The 28-year-old says it was not a fitness issue but admitted that he needs to find a certain solution to this problem, the basis of which is perhaps his body's high sweat rate.
Against Korea in the Davis Cup tie last month, Myneni encountered a severe bout of body cramps but managed to win against Yong-Kyu Lim. "It was not a fitness issue," Myneni asserted in an interaction with PTI when asked if limping out again is a negative advertisement of his fitness standards.
"It was quite humid. And it was not pressure. I just have to find the right balance in my diet and preparations. I have played two quality five-setters in one month and my body tells me that I have to find a solution on how to get the salts back," he said.
During the Korea tie, Lim had recovered to play reverse singles on the final day but Myneni could not play his match and Rohan Bopanna had to pitch in and pull off the singles win. "I lose a lot of fluids while practising too.

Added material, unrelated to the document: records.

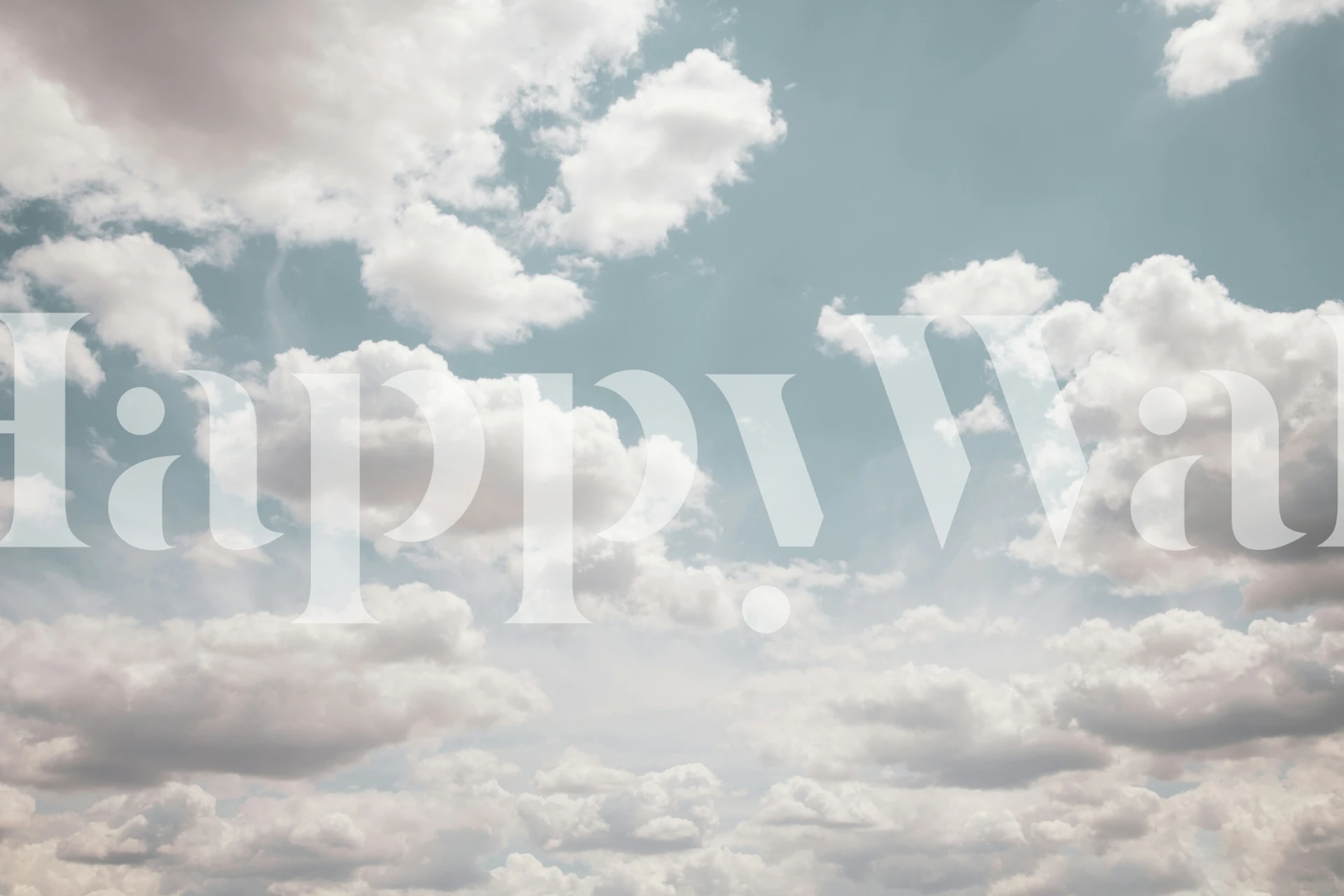 Dreamy clouds wallpaper in a cozy room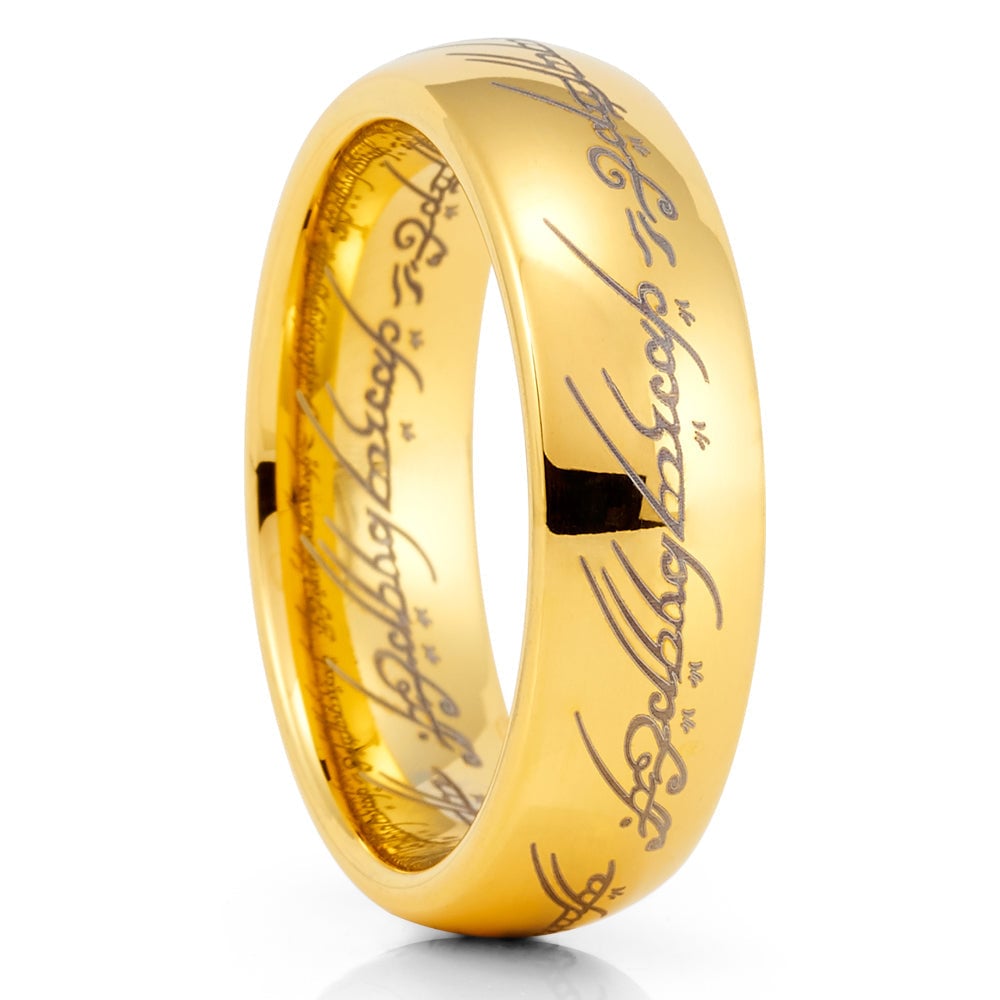 Lord Of The Rings Tungsten Carbide Wedding Band 6mm Yellow Gold Comfort Fit Image 1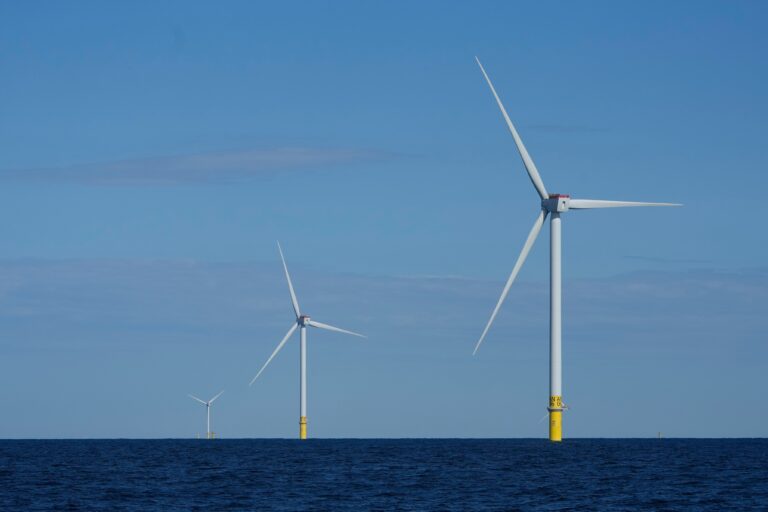 Wind turbines of South Fork Wind are seen off the coast of Block Island, Rhode Island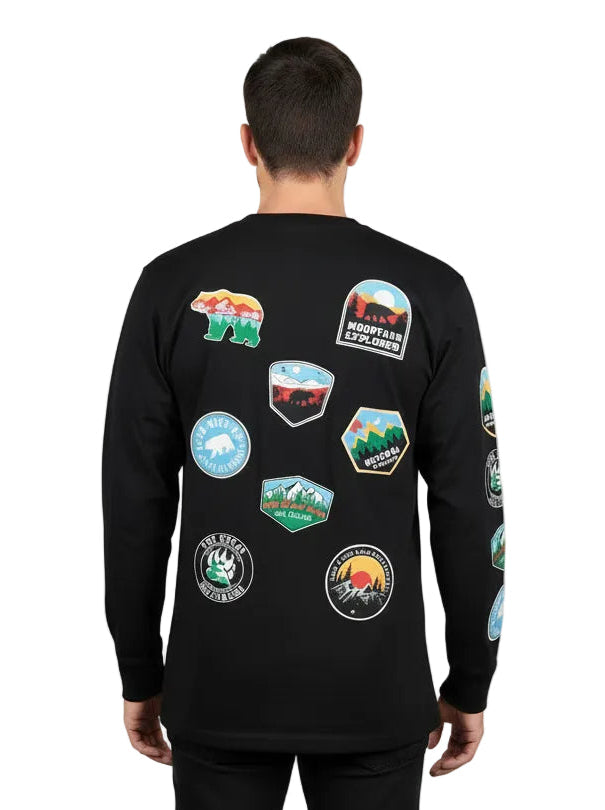L/S Tee with Patches Mountain with Bear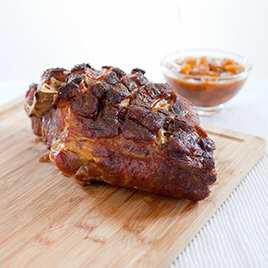 Slow-Roasted Pork Shoulder with Cherry Sauce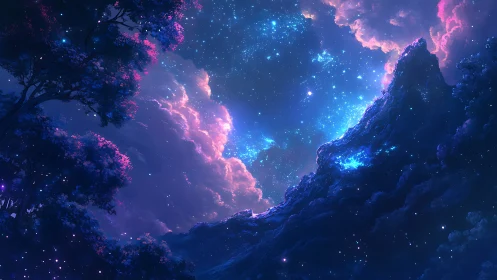 Night sky with nebula clouds over silhouetted forest ridge.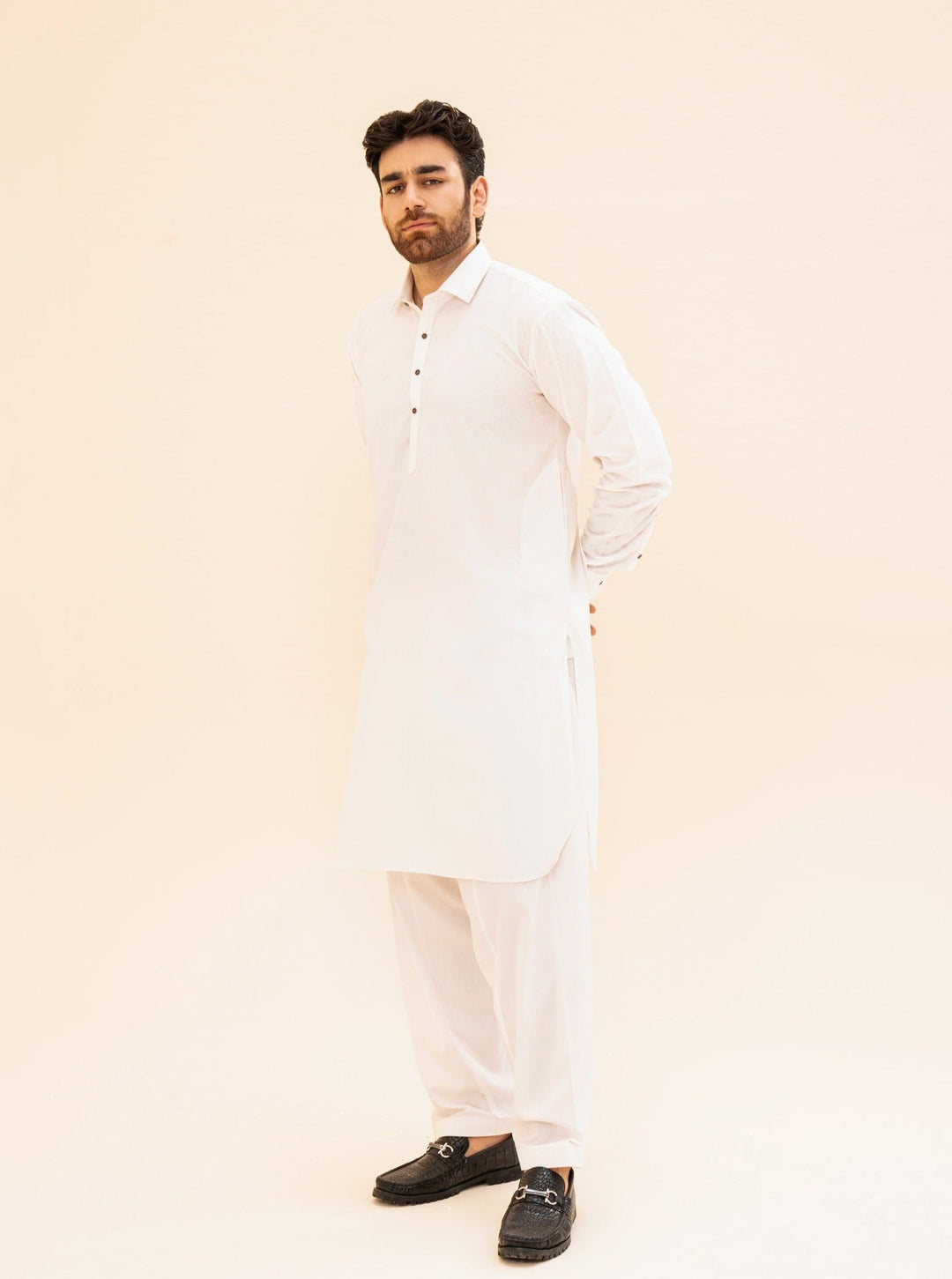 Muraqsh Ready To Wear Solids Cotton Men Off White French Collar Kameez Shalwar MUR-OWFCK - Summer Collection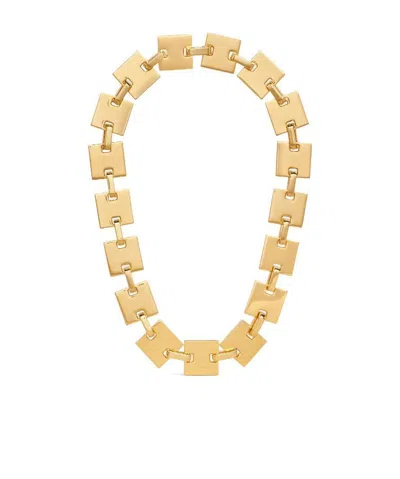 Celine Square Necklace With Logo In Yellow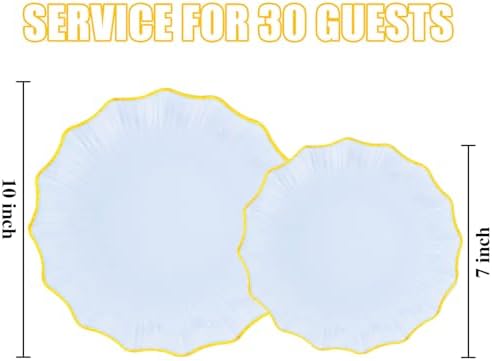 Rubtlamp 60Pcs Blue Plastic Plates - Blue Scalloped Plates with Gold Trim - 30 Gold Dinner & 30 Dessert Platos, Fancy Disposable Plates for Wedding (30 Guests) - Image 2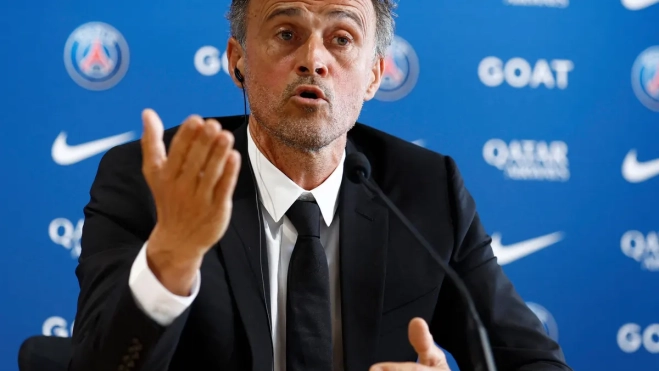 Luis Enrique en su presentación con el PSG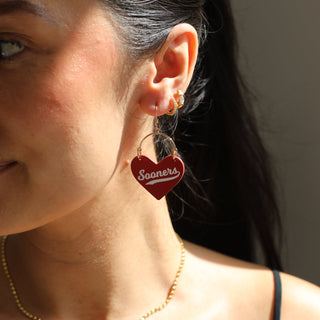 Crimson University of Oklahoma Sooners Lover Heart Hoop Earrings - Nickel & Suede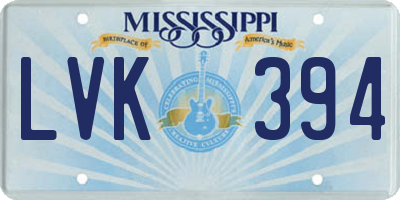 MS license plate LVK394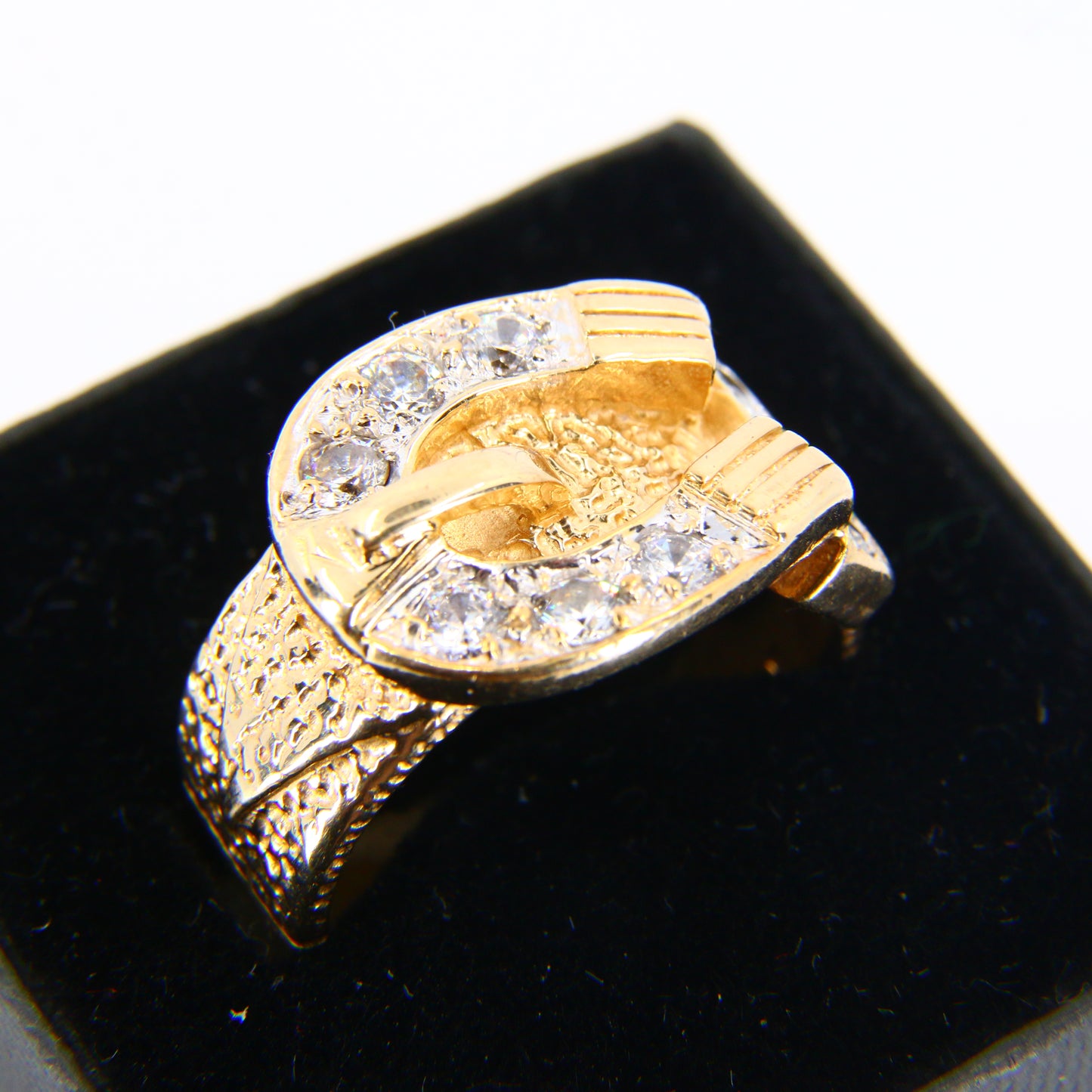 Vintage 9ct Gold Buckle Statement Ring CZ Hallmarked Yellow Gold UK Size X Boxed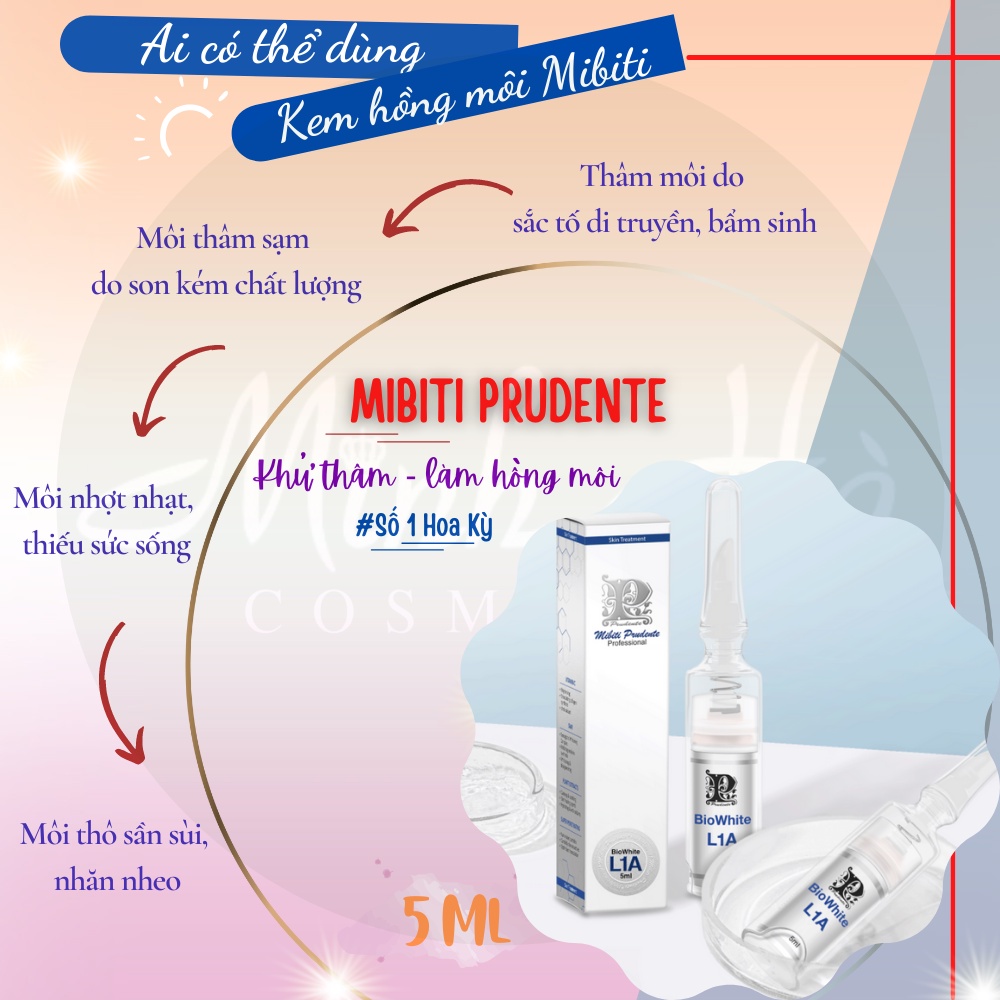 Kem khử thâm môi Mibiti Prudente Biowhite L1A 5ml mang lại sự tươi mới tự nhiên cho đôi môi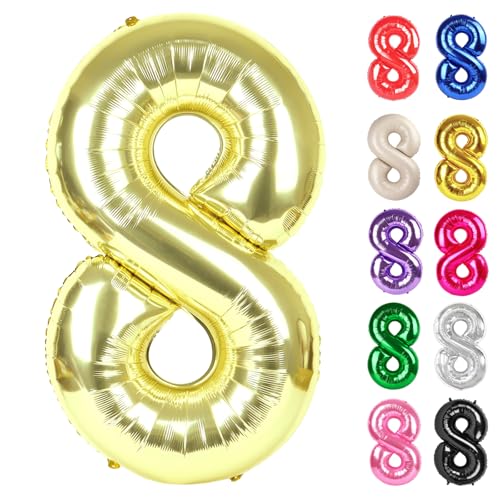 Champagner Gold Zahl 8 Ballon 40 Zoll, Weiß Gold 8 Ballon Zahl, 8 Geburtstag Dekorationen, Hellgold Party Supplies für Jungen Mädchen von IWERP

The trainers know what kind of body I have and it takes a while to get solution. There is progress in the last two years. I have put in a lot of effort," Myneni, who travels without a coach or a trainer, said.
It was a momentous occasion for Myneni to qualify for a Grand Slam after five failed attempts. He came close to record an upset win over Vesely. Was it easy to put behind such a defeat, considering the occasion? Myneni said he won't cry over it. "Mentally I was fine but physically it was tough for me. I was struggling to move, to jump. For me defeat is in past now. That's not me (thinking about victories turned into defeats). It was yesterday and now I need to look forward," he said in a positive tone.
The Indian took many positives from his campaign at the US Open, where he won three qualifying matches. "There are a lot (positives). Competing at this level and managing a top-50 player. It's a learning curve. Injuries have hampered (my progress) this summer. But now I have the confidence to compete at this level," he said.
Myneni conceded that if he had a travelling trainer with him, it will ensure faster recoveries after intense matches. "It does help if I have a trainer. I have been playing a lot and an Aussie guy helps me out when I am playing at big level, the Grand Slams," he said.
There was no shortage of support for Myneni from the stands as he was cheered on by a large gathering during his matches. He has studied at University of Albama and his friends and the members of the family with whom he lived there during college were there to cheer for him. Myneni wishes that Indian players get such support when they play at home.
"It was great support. I have lived there since my college days. They came and supported me throughout. It's not about me, it's about the sport. People are passionate and I hope that we have a similar culture in India too," he said.